Beer Store, LCBO win out on regulated conduct defence

Beer Store, LCBO win out on regulated conduct defence
Michael Eizenga, partner and co-head of the class actions practice at Bennett Jones LLP, says that when a company’s actions are authorized by valid provincial legislation, the company can’t be civilly liable for those actions.

A $1.4-billion class action lawsuit launched in 2015 against the Beer Store has been dismissed by the Ontario Superior Court of Justice.

The case involved restaurant owner David Hughes who brought the action on behalf of “all persons in Canada who purchased beer in Ontario during the class period”, against the Liquor Control Board of Ontario, Brewers Retail Inc., majority owners Labatt Breweries of Canada LP, Labatt Brewing Company Limited, Molson Coors Canada, Molson Canada and minority owners Sleeman Breweries Ltd.

Hughes sought damages of $1.4 billion and punitive damages of $5 million for damages.

The allegations were that the Beer Store and LCBO “unlawfully conspired to allocate sales, territories, customers or markets for the supply of beer in Ontario between June 1, 2000 and the present.”

The plaintiffs claimed that as a result of an agreement made in 2000 to allocate the market for the supply of beer in Ontario between the Liquor Control Board of Ontario and the Beer Store, consumers and restaurant/bar owners were overcharged for the beer they bought.

The sale of alcohol in Ontario has always been regulated by the province and regulations fall under the Liquor Control Act. 

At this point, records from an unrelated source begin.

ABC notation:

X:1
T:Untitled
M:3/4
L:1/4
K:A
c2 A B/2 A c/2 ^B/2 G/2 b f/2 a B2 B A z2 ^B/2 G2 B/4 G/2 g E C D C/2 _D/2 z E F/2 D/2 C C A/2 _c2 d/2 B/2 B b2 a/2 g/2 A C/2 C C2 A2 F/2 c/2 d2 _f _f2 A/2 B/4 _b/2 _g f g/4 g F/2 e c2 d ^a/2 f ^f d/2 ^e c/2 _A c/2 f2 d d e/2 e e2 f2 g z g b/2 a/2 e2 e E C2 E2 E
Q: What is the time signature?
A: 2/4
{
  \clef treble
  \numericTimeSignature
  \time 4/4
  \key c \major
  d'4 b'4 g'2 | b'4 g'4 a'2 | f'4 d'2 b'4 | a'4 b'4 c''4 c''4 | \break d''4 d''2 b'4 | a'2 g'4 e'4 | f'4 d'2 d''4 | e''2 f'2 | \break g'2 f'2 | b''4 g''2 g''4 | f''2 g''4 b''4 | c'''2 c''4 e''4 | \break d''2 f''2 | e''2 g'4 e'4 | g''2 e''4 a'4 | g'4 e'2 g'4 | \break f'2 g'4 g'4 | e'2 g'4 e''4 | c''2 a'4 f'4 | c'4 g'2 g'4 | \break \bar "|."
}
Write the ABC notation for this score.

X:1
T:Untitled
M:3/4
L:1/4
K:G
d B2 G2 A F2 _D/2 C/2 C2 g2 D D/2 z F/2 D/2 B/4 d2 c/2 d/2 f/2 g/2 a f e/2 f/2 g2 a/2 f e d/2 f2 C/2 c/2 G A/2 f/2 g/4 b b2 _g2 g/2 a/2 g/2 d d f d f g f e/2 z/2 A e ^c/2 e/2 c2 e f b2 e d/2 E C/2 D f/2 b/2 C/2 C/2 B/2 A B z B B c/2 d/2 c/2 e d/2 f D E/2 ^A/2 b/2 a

“Since the end of prohibition, virtually every aspect of the manufacture and supply of beer has been subject to significant regulatory oversight,” says Michael Eizenga, partner and co-head of the class actions practice at Bennett Jones LLP, the lead counsel for the Beer Store.

“Although it’s a multi-faceted case, this accords with common sense and that is when a company’s actions are authorized by valid provincial legislation the company can’t be civilly liable for those actions.

“Our perspective was that virtually every aspect of the distribution and sale of beer is heavily regulated — the court was able to straightforwardly apply the existing jurisprudence to conclude we had a regulated conduct defence,” says Eizenga.

The plaintiffs have 30 days to commence an appeal.

When reached for comment, plaintiff counsel Tyler Planeta of Siskinds LLP said,  “Important aspects of Mr. Hughes’ case — like whether a breach of the market allocation provisions of the Competition Act occurred — remain unresolved. As Justice Perell acknowledged, this is a case with exceptional facts, and we’re reviewing the decision with our client to consider our next steps.”